• [ACTION ITEM] What is needed is an exact copy of every entry below.

• [EXTRACTED INFORMATION]
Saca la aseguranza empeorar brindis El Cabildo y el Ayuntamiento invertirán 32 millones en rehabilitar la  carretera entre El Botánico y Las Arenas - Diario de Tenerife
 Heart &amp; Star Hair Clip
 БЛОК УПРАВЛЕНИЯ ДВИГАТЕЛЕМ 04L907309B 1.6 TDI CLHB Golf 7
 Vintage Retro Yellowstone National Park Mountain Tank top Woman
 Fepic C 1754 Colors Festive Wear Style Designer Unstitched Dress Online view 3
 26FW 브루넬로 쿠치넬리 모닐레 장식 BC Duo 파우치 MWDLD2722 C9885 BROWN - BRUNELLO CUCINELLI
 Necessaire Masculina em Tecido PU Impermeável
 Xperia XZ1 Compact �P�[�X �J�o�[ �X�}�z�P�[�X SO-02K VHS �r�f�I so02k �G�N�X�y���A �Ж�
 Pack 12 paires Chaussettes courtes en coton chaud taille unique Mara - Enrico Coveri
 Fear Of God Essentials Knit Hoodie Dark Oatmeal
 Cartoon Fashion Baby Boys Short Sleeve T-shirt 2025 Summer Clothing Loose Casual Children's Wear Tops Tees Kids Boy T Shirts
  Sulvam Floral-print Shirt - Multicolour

• [ANSWER TO THIS EXERCISE]
Saca la aseguranza empeorar brindis El Cabildo y el Ayuntamiento invertirán 32 millones en rehabilitar la  carretera entre El Botánico y Las Arenas - Diario de Tenerife
 Heart &amp; Star Hair Clip
 БЛОК УПРАВЛЕНИЯ ДВИГАТЕЛЕМ 04L907309B 1.6 TDI CLHB Golf 7
 Vintage Retro Yellowstone National Park Mountain Tank top Woman
 Fepic C 1754 Colors Festive Wear Style Designer Unstitched Dress Online view 3
 26FW 브루넬로 쿠치넬리 모닐레 장식 BC Duo 파우치 MWDLD2722 C9885 BROWN - BRUNELLO CUCINELLI
 Necessaire Masculina em Tecido PU Impermeável
 Xperia XZ1 Compact �P�[�X �J�o�[ �X�}�z�P�[�X SO-02K VHS �r�f�I so02k �G�N�X�y���A �Ж�
 Pack 12 paires Chaussettes courtes en coton chaud taille unique Mara - Enrico Coveri
 Fear Of God Essentials Knit Hoodie Dark Oatmeal
 Cartoon Fashion Baby Boys Short Sleeve T-shirt 2025 Summer Clothing Loose Casual Children's Wear Tops Tees Kids Boy T Shirts
  Sulvam Floral-print Shirt - Multicolour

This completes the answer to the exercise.